▶ Your goal: Print the listing below exactly, images excluded.

╭──

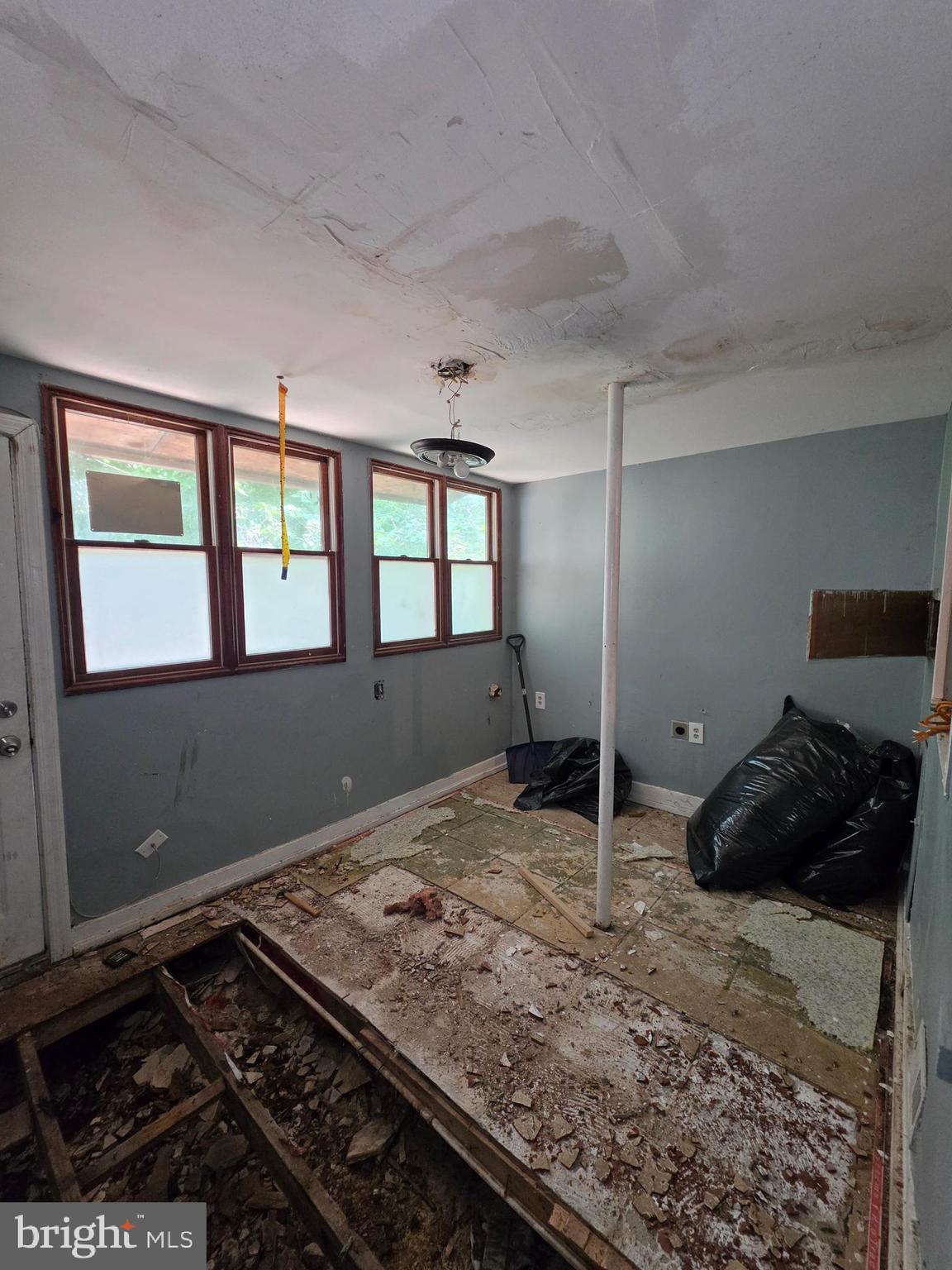 SANDTOWN-WINCHESTER - Residential
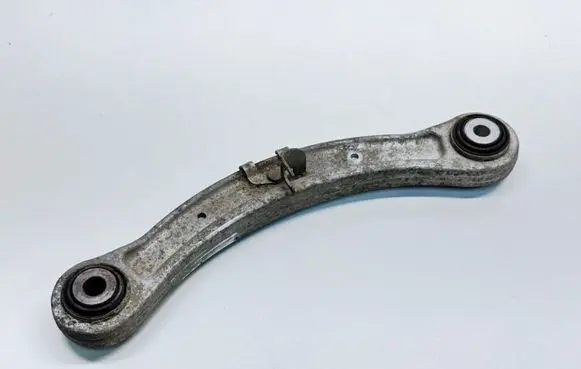 Volkswagen Touareg II Rear upper control arm/wishbone 7L0505323A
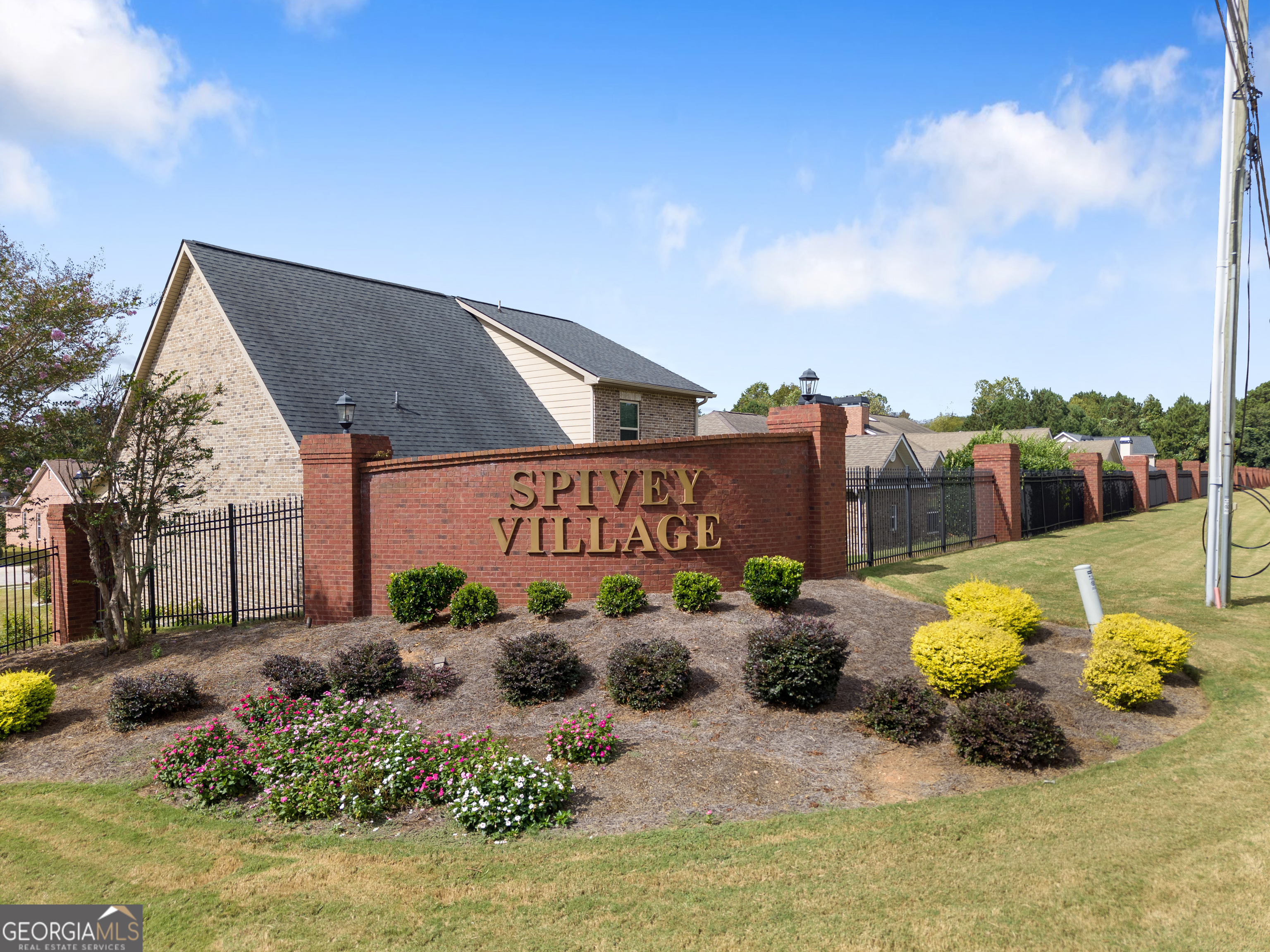 1979 SPIVEY VILLAGE DR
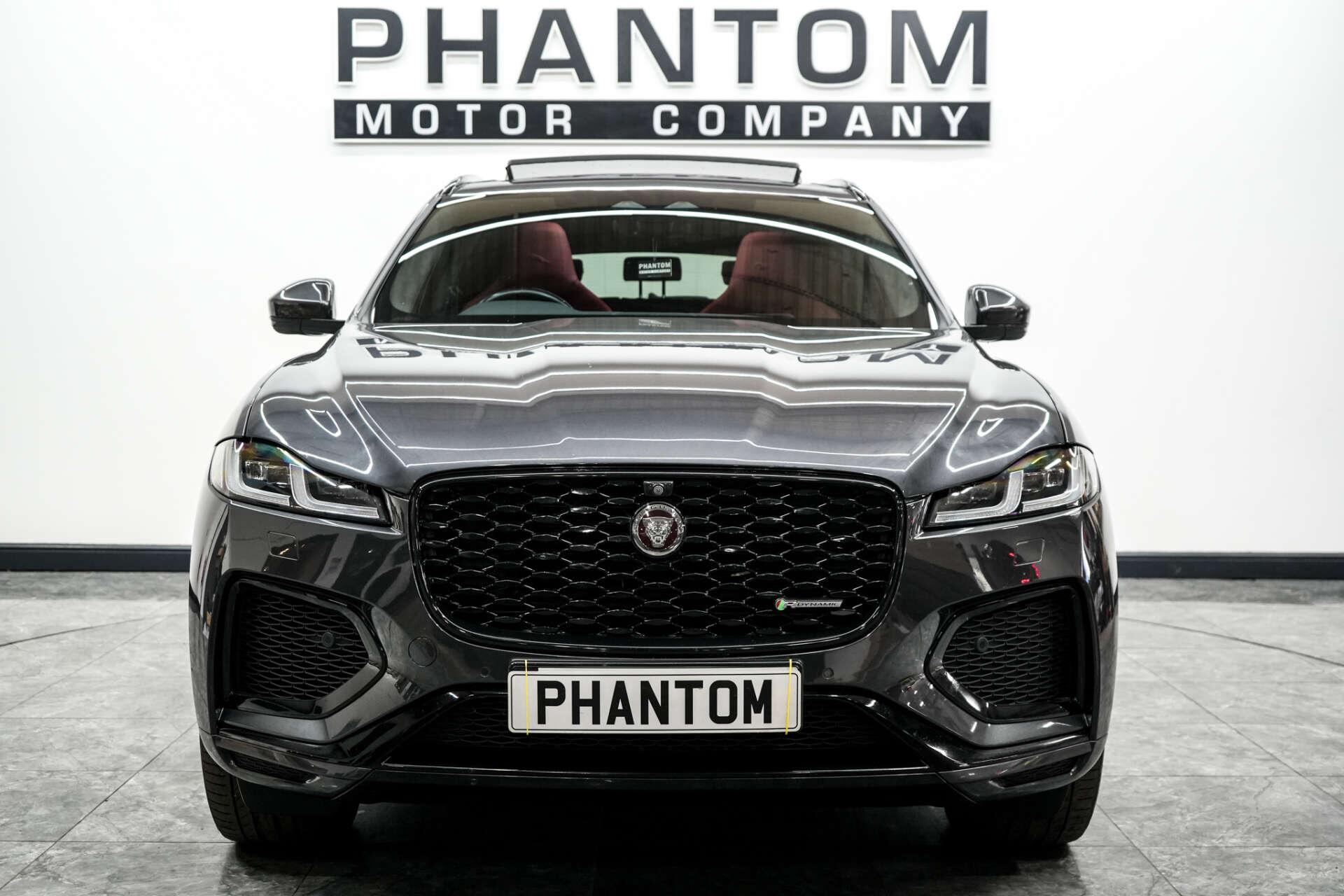 Jaguar F-Pace view 3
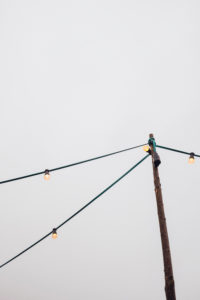 Lichterkette, Glühbirne, Strommasten, grauer Himmel, Lichterkette, Glühbirne, Strommasten, grauer Himmel,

╰──

▶ Completed exercise:
 SANDTOWN-WINCHESTER - Residential
 Volkswagen Touareg II Rear upper control arm/wishbone 7L0505323A
 1979 SPIVEY VILLAGE DR
 Jaguar F-Pace view 3
 Lichterkette, Glühbirne, Strommasten, grauer Himmel, Lichterkette, Glühbirne, Strommasten, grauer Himmel,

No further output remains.